The verdict: I loved the art and the quiet, low-key pacing, but the show’s attitude toward women leaves a lot to be desired

Chances of weekly coverage: Low. Focusing on how the show treats women would just make me mad and keep me from enjoying the good parts.


Snow White with the Red Hair Season 2

Several months ago, Shirayuki left her home in Tanbarun after its prince commanded her to become his concubine. Now, she works as a court herbalist in the neighboring kingdom of Clarines and counts the second prince Zen as one of her closest friends. Her life has changed in so many ways, it’s dizzying… and with the kiss she and Zen shared, it looks like it will keep on changing! Available on Funimation.

I didn’t like the first season of Snow White with the Red Hair very much. While a lot of people enjoyed its slow, low-stakes approach, I found it quite bland and a waste of a good premise. Since I’ve already written extensively on it, I’ll spare you the rant this time around.

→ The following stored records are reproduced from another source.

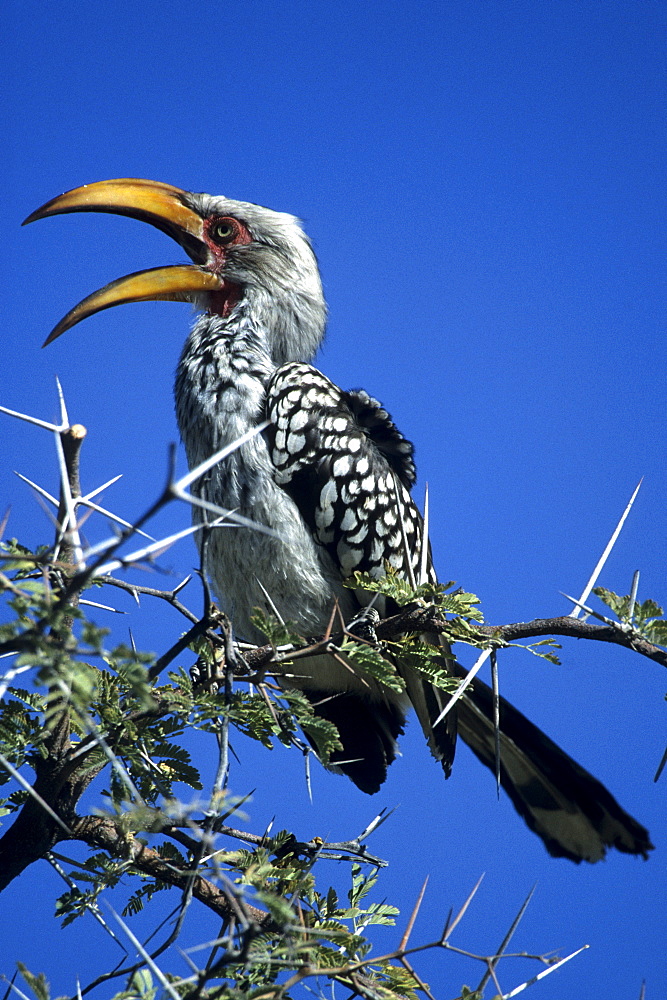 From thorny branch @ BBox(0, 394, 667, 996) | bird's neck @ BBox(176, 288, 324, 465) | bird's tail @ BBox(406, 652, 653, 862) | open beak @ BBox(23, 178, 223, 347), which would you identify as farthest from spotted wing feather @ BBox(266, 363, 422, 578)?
thorny branch @ BBox(0, 394, 667, 996)

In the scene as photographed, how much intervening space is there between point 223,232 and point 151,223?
35 centimetres

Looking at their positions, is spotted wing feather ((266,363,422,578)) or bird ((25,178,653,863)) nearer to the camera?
bird ((25,178,653,863))

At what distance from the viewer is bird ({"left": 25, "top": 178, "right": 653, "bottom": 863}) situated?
116 inches

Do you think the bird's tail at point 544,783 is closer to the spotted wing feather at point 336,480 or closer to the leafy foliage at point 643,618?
the spotted wing feather at point 336,480

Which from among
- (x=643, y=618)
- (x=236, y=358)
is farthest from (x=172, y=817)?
(x=236, y=358)

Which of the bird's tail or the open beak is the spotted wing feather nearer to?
the bird's tail

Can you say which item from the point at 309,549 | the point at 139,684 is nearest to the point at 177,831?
the point at 139,684

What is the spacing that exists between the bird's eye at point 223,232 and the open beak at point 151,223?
0.24ft

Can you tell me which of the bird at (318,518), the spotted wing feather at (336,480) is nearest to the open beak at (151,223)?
the bird at (318,518)

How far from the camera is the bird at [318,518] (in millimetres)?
2945

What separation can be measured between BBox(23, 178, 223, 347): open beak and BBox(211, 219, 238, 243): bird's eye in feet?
0.24

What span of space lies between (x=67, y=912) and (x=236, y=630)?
1668 mm

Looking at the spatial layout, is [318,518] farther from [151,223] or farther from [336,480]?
[151,223]

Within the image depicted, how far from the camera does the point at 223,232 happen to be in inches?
167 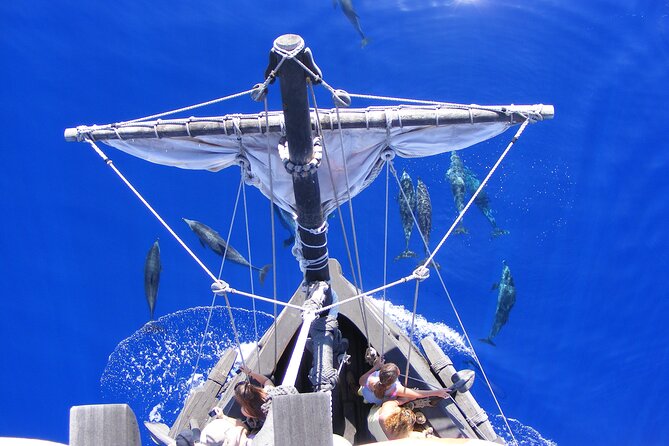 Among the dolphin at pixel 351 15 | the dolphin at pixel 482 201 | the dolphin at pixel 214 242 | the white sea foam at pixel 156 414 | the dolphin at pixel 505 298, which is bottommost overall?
the white sea foam at pixel 156 414

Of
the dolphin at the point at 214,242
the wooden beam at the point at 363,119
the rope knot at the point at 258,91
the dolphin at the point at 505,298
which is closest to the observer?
the rope knot at the point at 258,91

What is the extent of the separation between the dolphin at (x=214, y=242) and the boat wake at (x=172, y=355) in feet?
3.75

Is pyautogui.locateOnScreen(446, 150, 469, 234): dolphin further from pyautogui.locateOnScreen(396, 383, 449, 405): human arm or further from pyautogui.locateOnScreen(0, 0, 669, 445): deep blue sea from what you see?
pyautogui.locateOnScreen(396, 383, 449, 405): human arm

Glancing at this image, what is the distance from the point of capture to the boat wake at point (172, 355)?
A: 43.9 ft

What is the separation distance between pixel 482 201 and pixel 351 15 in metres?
4.74

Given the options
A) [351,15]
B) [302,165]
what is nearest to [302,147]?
[302,165]

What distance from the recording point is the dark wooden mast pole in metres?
4.39

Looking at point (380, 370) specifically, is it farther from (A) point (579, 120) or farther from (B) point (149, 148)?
(A) point (579, 120)

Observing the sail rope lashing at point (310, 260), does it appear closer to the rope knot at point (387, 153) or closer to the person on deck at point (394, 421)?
the rope knot at point (387, 153)

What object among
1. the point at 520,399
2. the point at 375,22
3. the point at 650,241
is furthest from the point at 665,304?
the point at 375,22

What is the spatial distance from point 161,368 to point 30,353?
298cm

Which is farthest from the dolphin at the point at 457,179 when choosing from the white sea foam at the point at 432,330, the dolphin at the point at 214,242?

One of the things that bothered me about the first season was the characters had found a comfy status quo, and no one – writers or characters alike – seemed interested in doing anything to upset it. In the penultimate episode, something did happen: Zen kissed Shirayuki. While the two dorks had been sort of vaguely stumbling around these feelings for most of the season, it was good to see something finally happen about it. In the next episode, the event was largely ignored, but in the first new episode of the second season, there is a subtle shift. In between Shirayuki and the other characters generally faffing about, she and Zen share a small moment in the infirmary when he, mostly asleep, takes her hand and brushes his lips against her fingers. It’s small, but it’s a sweet gesture that reflects the change in their relationship.

Moreover, the latter half of the episode seems to be table-setting for a much more eventful second season. It seems Raj, unseen by us, has gone through a lot of personal growth since a chance encounter with Shirayuki. Prince Izana wants to send her to Tanbarun in a diplomatic capacity and commands her to start training in etiquette and diplomacy. Izana is well-established as shrewd and calculating (unlike his doppelganger Howl) and surely has something up his sleeve. I’m looking forward to seeing what.

The verdict: The first season was slow to the point of frustration, but this season sows the seeds of tension. I’m looking forward to seeing what happens.

Chances of weekly coverage: High. Shirayuki is a smart, competent protagonist, and I hope to document and discuss her actually doing things.